Index funds and ETFs

If you don't have access to a target date fund or prefer a bit more control over your retirement investments, then an index fund or ETF is the way to go. These investments seek to track the performance of a particular stock or bond index so that as the index climbs or falls, so will the fund. Index funds have several advantages over traditional, actively managed funds: there is no need for a high-priced investment expert to pick the fund's investments, since the index does it for them; transactions are typically far lower in an index fund, meaning you pay a lot less in transaction fees; and because index funds inherently use a buy and hold strategy rather than a timing strategy, they tend to outperform actively managed funds.

Stocks versus bonds

If you choose an index fund or ETF rather than a target date fund, you'll have one extra decision to make: how much you want to invest in stocks versus bonds. For retirement investments, the accepted approach is to subtract your age from 110 and put that percentage of your investments in stocks, with the remainder in bonds. For example, if you're 40 years old, you'd subtract 40 from 110 and get a result of 70. That tells you that you need to put 70% of your investments in stocks and the other 30% in bonds. Now you can simply buy one stock index fund and one bond index fund and allocate your contributions according to the above formula.

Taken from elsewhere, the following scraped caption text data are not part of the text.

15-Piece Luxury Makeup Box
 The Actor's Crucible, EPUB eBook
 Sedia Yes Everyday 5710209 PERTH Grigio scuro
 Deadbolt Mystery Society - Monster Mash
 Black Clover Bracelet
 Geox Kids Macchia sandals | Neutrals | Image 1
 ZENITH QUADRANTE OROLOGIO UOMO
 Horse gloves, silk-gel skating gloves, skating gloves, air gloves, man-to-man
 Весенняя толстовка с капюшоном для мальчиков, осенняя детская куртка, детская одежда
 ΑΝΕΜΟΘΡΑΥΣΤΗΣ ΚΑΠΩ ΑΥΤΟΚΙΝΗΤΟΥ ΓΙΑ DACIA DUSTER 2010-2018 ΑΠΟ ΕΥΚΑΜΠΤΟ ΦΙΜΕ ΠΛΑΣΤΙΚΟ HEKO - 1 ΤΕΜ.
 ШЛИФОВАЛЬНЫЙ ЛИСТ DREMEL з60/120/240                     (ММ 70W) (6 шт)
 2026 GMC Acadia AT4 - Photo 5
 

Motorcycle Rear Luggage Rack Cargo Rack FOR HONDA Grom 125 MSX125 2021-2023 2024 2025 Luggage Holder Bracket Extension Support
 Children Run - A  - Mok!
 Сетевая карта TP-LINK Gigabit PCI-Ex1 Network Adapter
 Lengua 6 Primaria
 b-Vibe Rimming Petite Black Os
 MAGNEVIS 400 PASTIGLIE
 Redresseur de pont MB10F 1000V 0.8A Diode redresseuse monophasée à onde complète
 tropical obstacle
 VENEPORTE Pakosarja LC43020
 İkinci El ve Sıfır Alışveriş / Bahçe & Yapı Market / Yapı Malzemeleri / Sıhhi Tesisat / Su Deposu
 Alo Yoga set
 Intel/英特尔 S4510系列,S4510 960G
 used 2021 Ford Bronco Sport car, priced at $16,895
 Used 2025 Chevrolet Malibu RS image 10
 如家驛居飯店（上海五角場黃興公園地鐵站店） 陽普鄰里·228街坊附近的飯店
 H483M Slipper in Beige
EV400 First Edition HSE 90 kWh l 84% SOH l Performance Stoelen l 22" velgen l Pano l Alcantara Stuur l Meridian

Adjusting your allocations

As the above formula implies, you'll need to adjust your percentage of stock and bond investments as you get older. You'll also need to reallocate as your balances shift over time thanks to the performance of your investments (unless you have a target date fund; this is something your fund would do for you).

For example, let's say you chose to put 70% of your contributions in stocks and the other 30% in bonds. The stock market prospered during the following year, while bonds dropped in value. If you come back and look at your investments one year later, you'd probably find that your allocations had shifted due to the performance of those stock and bond markets: you might now find that your retirement savings account has 74% of its value in stocks and 26% in bonds. Thus, in order to keep your retirement investments balanced correctly, you'll need to go back once a year and readjust your holdings.

In the above example, you'd sell some of your stocks and use the funds to buy more bonds. This would also be a great time to shift your allocations according to the 110 minus your age formula. Since you'd probably gotten a year older during last year, you'd want to shift your balances to 69% stocks and 31% bonds.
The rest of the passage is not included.